BEGIN Provided entries

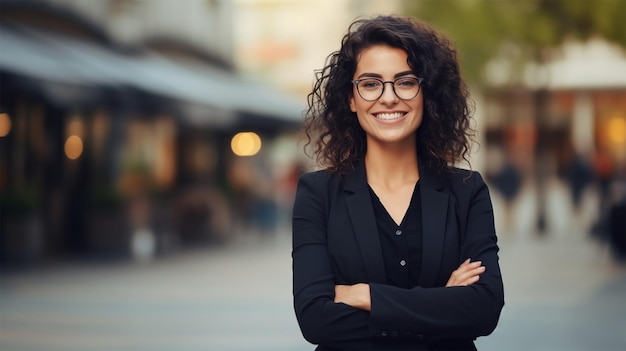 portrait of a young smiling woman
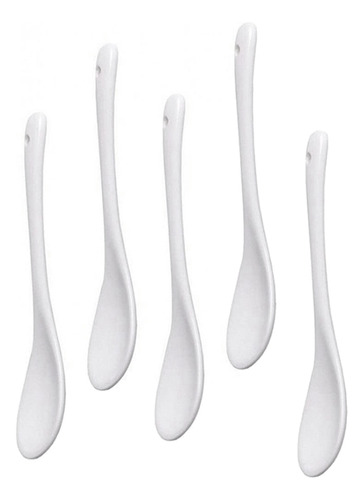 Cucharas Para Huevos De Porcelana Blanca, Cucharas De Cerámi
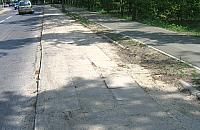 Chodnik na Parkowej w przyszłym roku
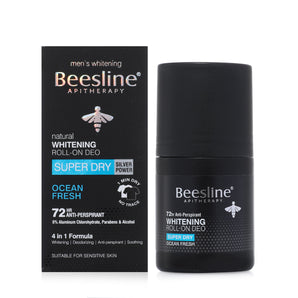 Beesline 72 Hrs Men Roll on Deo Whitening Super Dry Ocean Fresh 50ml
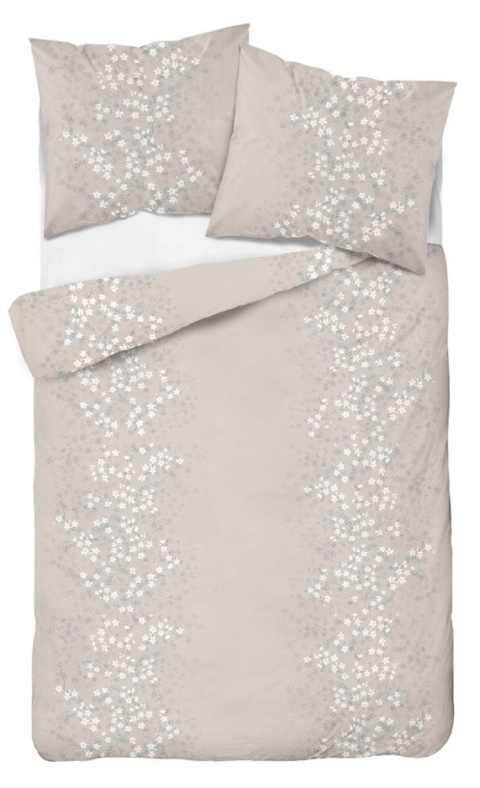 Pościel 160x200 100% bawełna – komplet z poszewkami | 5062 A Beż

END Provided entries

Problem requirements » Without the pictures, extract every entry verbatim.

Output for this task »
 portrait of a young smiling woman
 Cucharas Para Huevos De Porcelana Blanca, Cucharas De Cerámi
 Chodnik na Parkowej w przyszłym roku
 Beesline 72 Hrs Men Roll on Deo Whitening Super Dry Ocean Fresh 50ml
 Pościel 160x200 100% bawełna – komplet z poszewkami | 5062 A Beż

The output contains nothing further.